Researchers from NC State University have developed a new technique to control self-folding three-dimensional (3D) structures. Specifically, the researchers use templates to constrain deformation in certain selected areas on a two-dimensional structure, which in turn dictates the resulting 3D structure of the material. The two-dimensional shapes shown at the top of the image fold themselves into the 3D structures shown on the bottom. Credit: Yong Zhu
Researchers from North Carolina State University have developed a new technique to control self-folding three-dimensional (3-D) structures. Specifically, the researchers use templates to constrain deformation in certain selected areas on a two-dimensional structure, which in turn dictates the resulting 3-D structure of the material.
The new technique does not rely on cutting or printing on the material, as most other self-folding origami techniques do. It is also different from continuous shape morphing, which is typically controlled by engineering the in-plane strain at various parts of the material. Instead, the researchers applied paperboard sheets to a polymer substrate, forming specific patterns.

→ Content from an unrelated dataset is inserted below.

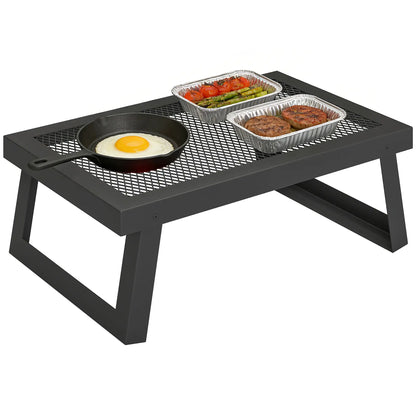 22" x 12" Folding Campfire Grill, Heavy Duty Carbon Steel, Black Charcoal BBQ Grils at Gallery Canada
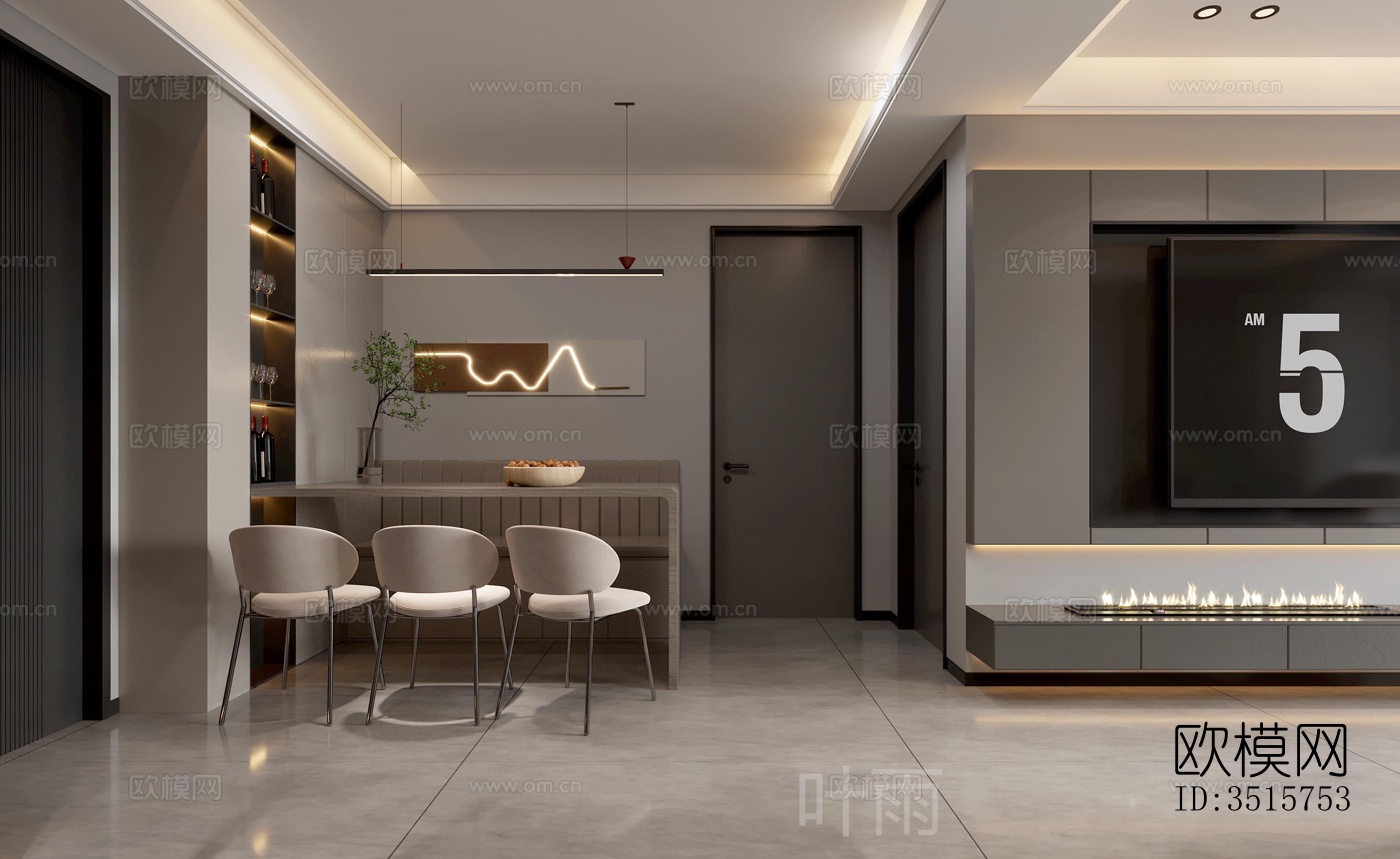 现代平层效果图下载（渲染图3）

“When heat is applied to the polymer, it shrinks,” says Yong Zhu, a professor of mechanical and aerospace engineering at NC State and corresponding author of a paper on the work. “However, the sections of polymer that are attached to the paperboard are restrained from shrinking, causing the overall substrate to bend and curve.”

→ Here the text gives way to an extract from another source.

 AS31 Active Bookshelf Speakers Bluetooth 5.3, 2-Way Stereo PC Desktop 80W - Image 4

By varying the pattern made by the paperboard templates, the researchers are able to create a variety of shapes, from simple cones to complex, tiered structures. The self-folding operations can be executed at temperatures as low as 120 degrees Celsius.
“This is a proof of concept paper, and next steps include incorporating functional electronic elements into the material, giving it potential value for manufacturing applications,” says Jianxun Cui, first author of the paper and a postdoctoral researcher at Carnegie Mellon University who worked on this project while a Ph.D. student at NC State.